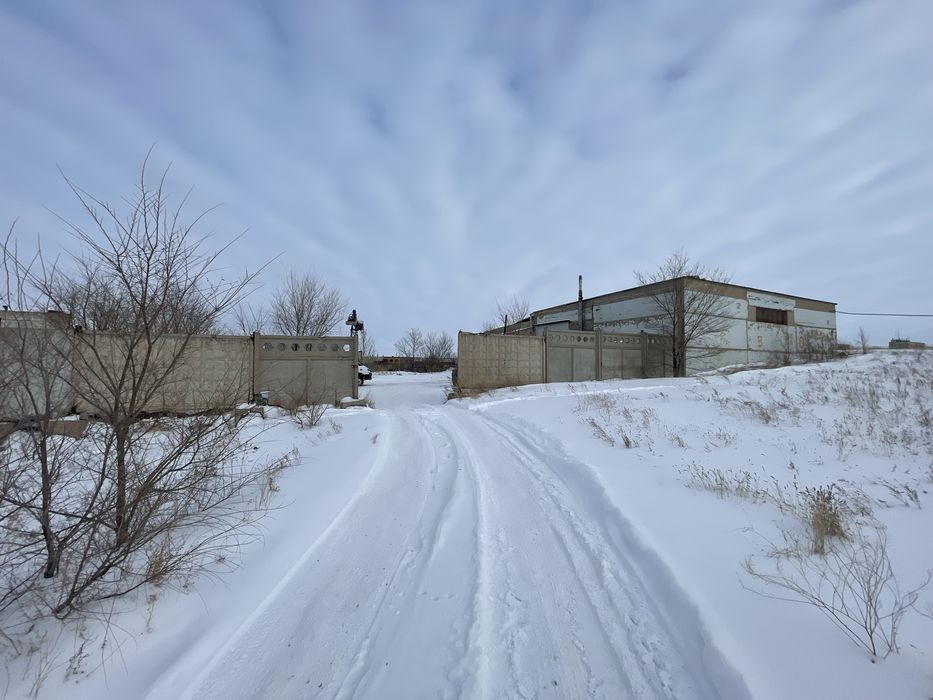 Продам здание,бокс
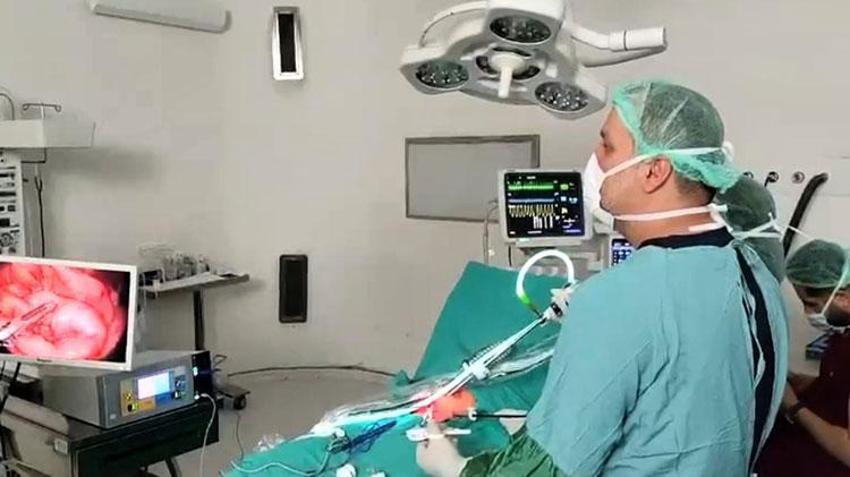 Batman'da karın ağrısı şikayetiyle hastaneye götürülen çocuğun bağırsaklarından çıkanlar şoke etti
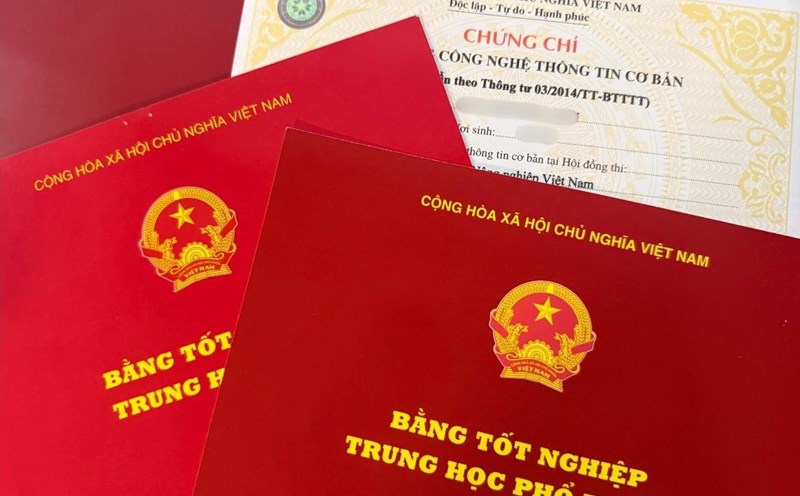 The information that needs to be recorded in the original book for granting high school graduation certificates is stipulated in the draft Circular Promulgating Regulations on diplomas and certificates of the national education system. Photo: Phuong Anh
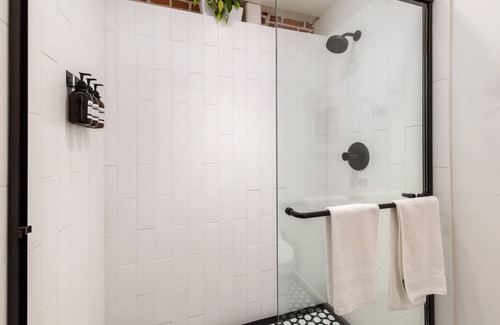 Townsite Hotel | Balcony Room 302 | The Brick Boutique Hotel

........

_Your instructions_: The data above should be repeated exactly, minus any pictures.

_Written answer_:
 Продам здание,бокс
 Batman'da karın ağrısı şikayetiyle hastaneye götürülen çocuğun bağırsaklarından çıkanlar şoke etti
 The information that needs to be recorded in the original book for granting high school graduation certificates is stipulated in the draft Circular Promulgating Regulations on diplomas and certificates of the national education system. Photo: Phuong Anh
 Townsite Hotel | Balcony Room 302 | The Brick Boutique Hotel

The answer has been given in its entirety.